- GIVEN ENTRIES:
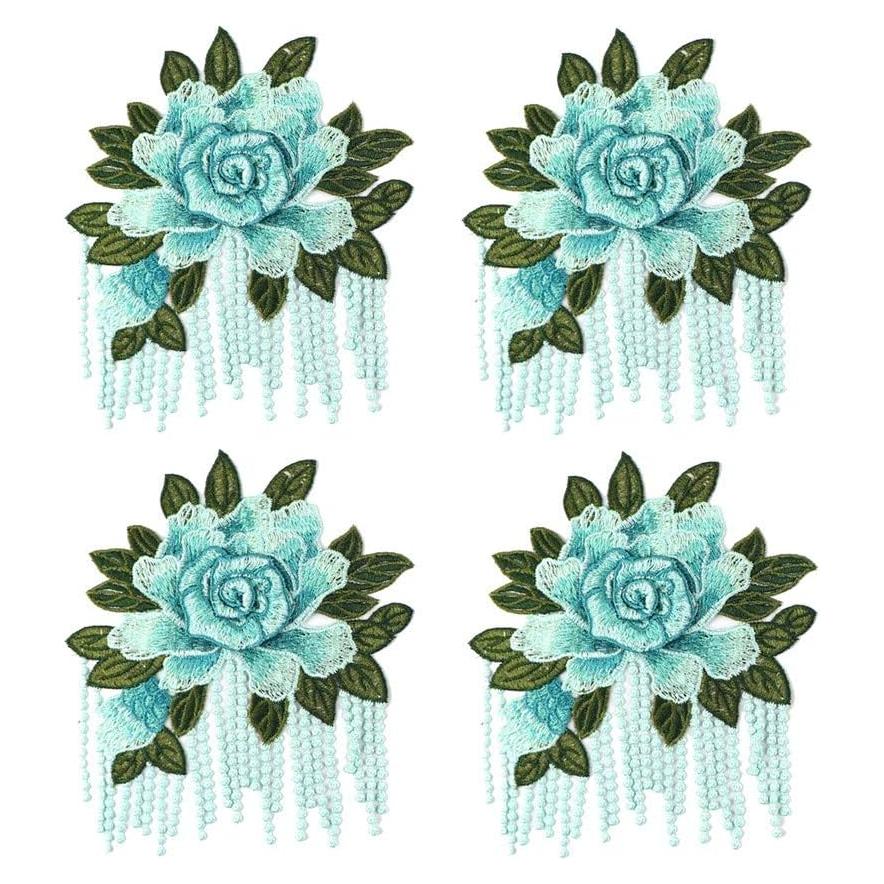 4 Parches de Tela Bordados Peonía Vintage Aqua 17x20cm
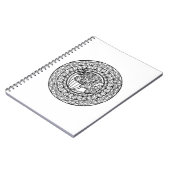 刺激を受けたな曼荼羅の秋のカシの葉 ノートブック (左側)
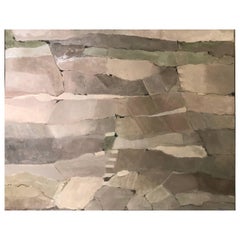 Enorme pittura ad olio astratta francese Forme e sfumature cubiste Toni atmosferici e lunatici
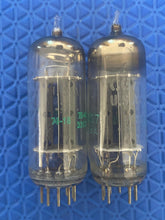 Load image into Gallery viewer, Matched Pair General Electric GE JAN-6CG7 6CG7 6FQ7 Vacuum Tubes Valves Milspec NOS-Testing Triode Shields Copper Support Rods
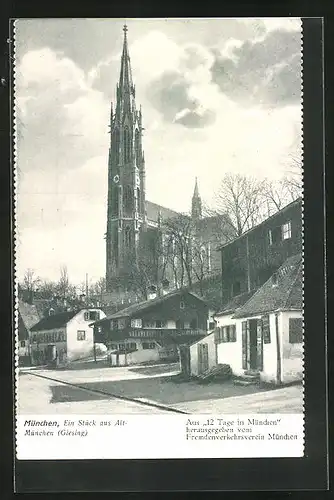 AK München-Giesing, Altstadt-Strasse und Blick zur Kirche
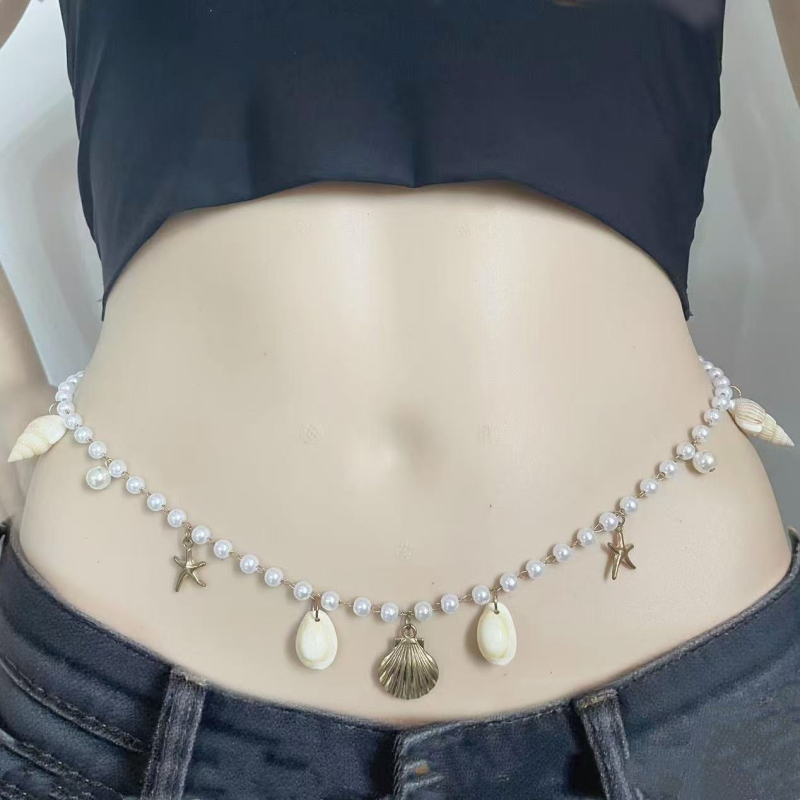 Бохемски плажен колан за талия за жени — мотиви звездна морска звезда и ракушка с изкуствена перла, метална верига за тяло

- WHAT NEEDS TO BE DONE: From the opening line of the entries above to the line containing "Load image into", please transcribe each line exactly, skipping every picture.

- EXPECTED ANSWER:
 4 Parches de Tela Bordados Peonía Vintage Aqua 17x20cm
 刺激を受けたな曼荼羅の秋のカシの葉 ノートブック (左側)
 Enorme pittura ad olio astratta francese Forme e sfumature cubiste Toni atmosferici e lunatici
 Load image into Gallery viewer, Matched Pair General Electric GE JAN-6CG7 6CG7 6FQ7 Vacuum Tubes Valves Milspec NOS-Testing Triode Shields Copper Support Rods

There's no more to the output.